## EXERCISE AIM
Working from the records below, repeat exactly the lines starting at the line that contains "6T70 6T75 6F5055 Friction Kit" and ending at the line that contains "ULTIQA Signature at", inclusive.

## EXCERPTED RECORDS
:::
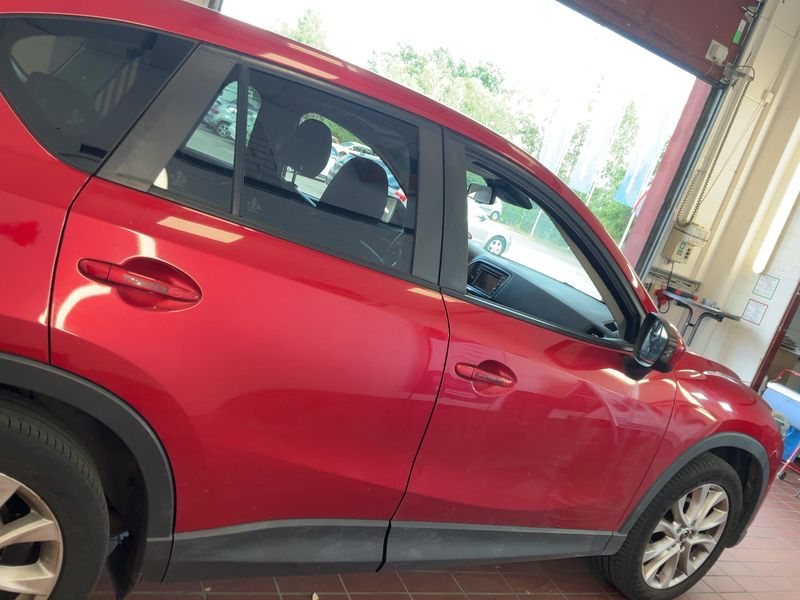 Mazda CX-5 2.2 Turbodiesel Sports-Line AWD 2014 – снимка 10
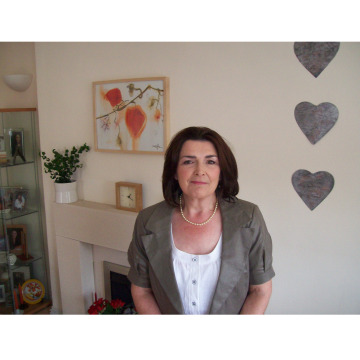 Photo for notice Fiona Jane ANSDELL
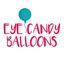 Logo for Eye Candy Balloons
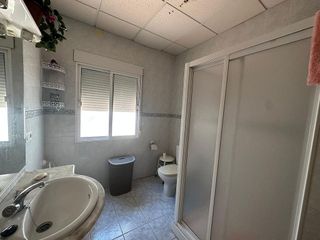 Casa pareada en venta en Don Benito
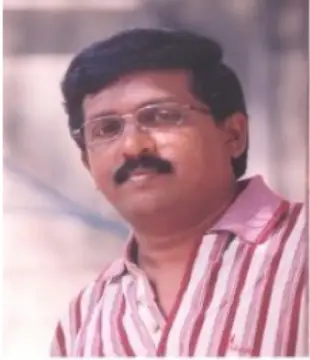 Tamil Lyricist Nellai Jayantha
:::
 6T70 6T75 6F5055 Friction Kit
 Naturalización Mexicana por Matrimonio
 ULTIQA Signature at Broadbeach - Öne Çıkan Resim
:::
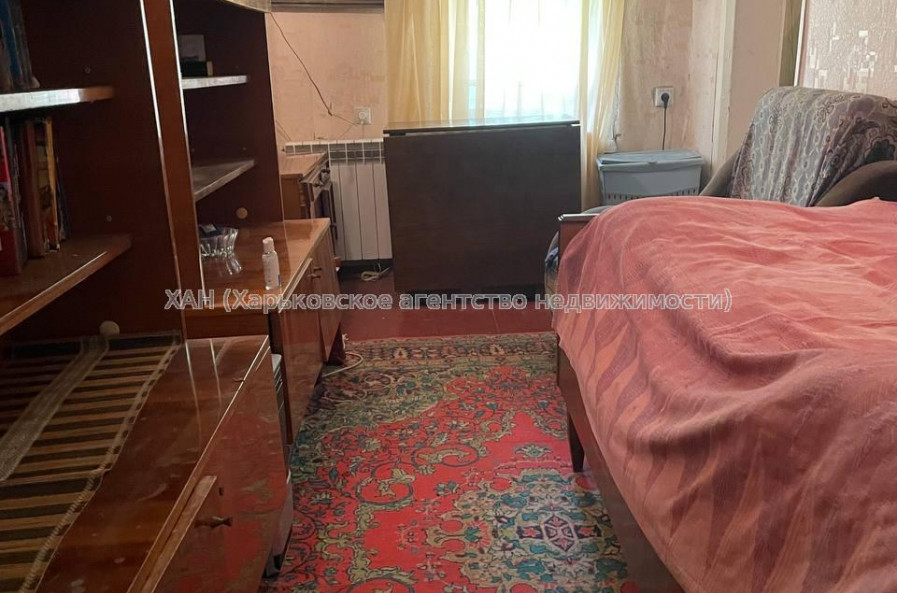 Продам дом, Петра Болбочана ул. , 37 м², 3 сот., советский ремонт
:::
## ANSWER FOR THIS EXERCISE
 6T70 6T75 6F5055 Friction Kit
 Naturalización Mexicana por Matrimonio
 ULTIQA Signature at Broadbeach - Öne Çıkan Resim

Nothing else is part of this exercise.